* _WHAT IS BEING ASKED_: Print the records below exactly, from the line containing "Solutions, colloids, and" down to the line containing "This slide shows", both lines included, and omit every picture.
++++++++
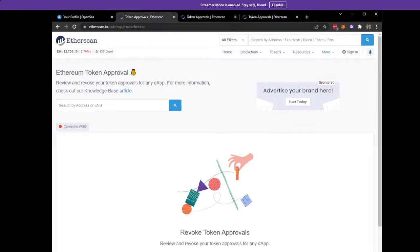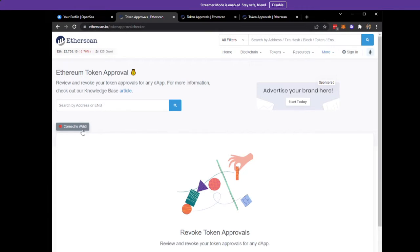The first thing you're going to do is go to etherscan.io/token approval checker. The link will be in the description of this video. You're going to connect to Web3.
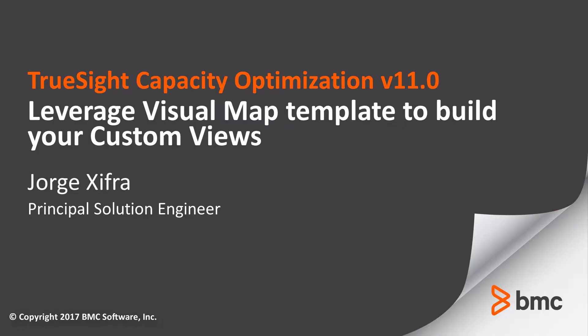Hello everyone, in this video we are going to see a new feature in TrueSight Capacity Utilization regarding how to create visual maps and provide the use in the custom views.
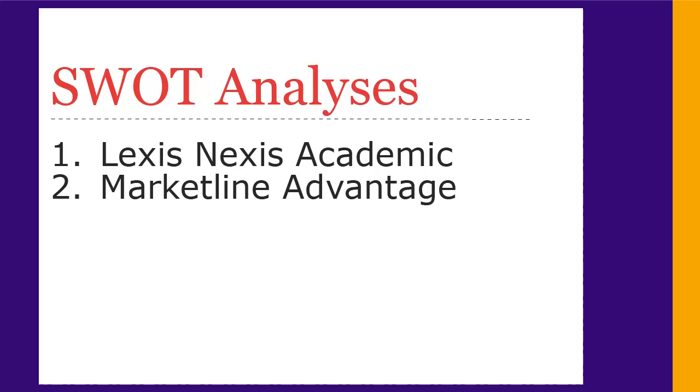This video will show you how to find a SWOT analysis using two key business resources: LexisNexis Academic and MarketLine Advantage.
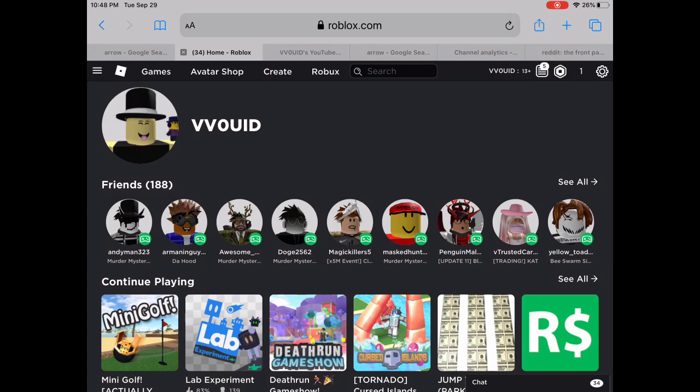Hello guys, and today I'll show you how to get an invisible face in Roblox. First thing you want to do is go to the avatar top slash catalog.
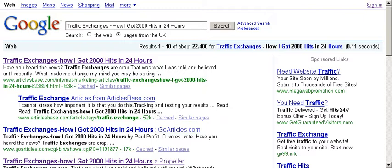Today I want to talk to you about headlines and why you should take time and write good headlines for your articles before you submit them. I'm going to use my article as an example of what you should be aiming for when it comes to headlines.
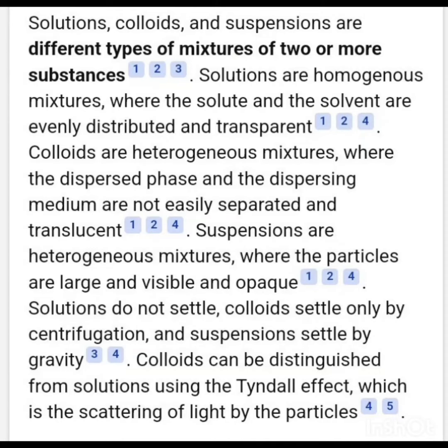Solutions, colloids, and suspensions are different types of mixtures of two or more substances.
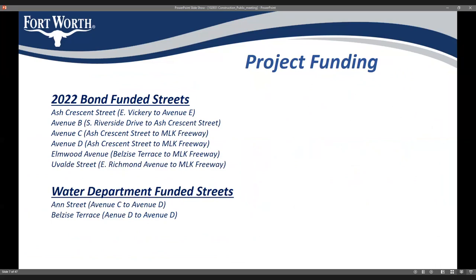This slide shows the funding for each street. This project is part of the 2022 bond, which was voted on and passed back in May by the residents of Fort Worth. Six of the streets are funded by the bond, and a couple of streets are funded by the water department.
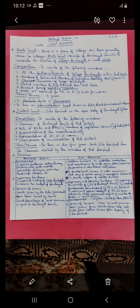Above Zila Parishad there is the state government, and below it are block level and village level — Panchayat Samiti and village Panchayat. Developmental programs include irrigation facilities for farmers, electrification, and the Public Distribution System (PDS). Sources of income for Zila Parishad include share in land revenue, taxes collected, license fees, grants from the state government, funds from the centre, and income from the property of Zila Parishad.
++++++++
* _THE ANSWER_:
Solutions, colloids, and suspensions are different types of mixtures of two or more substances.
This slide shows the funding for each street. This project is part of the 2022 bond, which was voted on and passed back in May by the residents of Fort Worth. Six of the streets are funded by the bond, and a couple of streets are funded by the water department.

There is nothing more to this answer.